» What is expected: Below are the entries. Transcribe exactly the lines from the one with "Mahasiswa KKNT UISU" through the one with "TDAH - Short de bain - noir", ends included, and leave out all others.

» The input:

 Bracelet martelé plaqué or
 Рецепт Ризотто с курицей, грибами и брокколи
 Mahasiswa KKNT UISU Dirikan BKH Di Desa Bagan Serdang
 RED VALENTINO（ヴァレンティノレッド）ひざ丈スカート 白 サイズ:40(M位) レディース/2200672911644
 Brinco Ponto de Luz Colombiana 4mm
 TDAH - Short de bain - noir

==

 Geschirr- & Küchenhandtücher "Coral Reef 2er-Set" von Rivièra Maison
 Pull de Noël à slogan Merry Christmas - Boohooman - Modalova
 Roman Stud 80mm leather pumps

==

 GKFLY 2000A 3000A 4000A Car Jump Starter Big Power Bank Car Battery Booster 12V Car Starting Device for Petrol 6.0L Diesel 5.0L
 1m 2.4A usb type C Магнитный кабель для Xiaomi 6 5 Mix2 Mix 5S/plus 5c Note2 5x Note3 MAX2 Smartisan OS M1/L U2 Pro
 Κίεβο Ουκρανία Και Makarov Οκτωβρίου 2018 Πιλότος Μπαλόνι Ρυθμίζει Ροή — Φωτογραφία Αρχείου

» Response for this exercise:
 Mahasiswa KKNT UISU Dirikan BKH Di Desa Bagan Serdang
 RED VALENTINO（ヴァレンティノレッド）ひざ丈スカート 白 サイズ:40(M位) レディース/2200672911644
 Brinco Ponto de Luz Colombiana 4mm
 TDAH - Short de bain - noir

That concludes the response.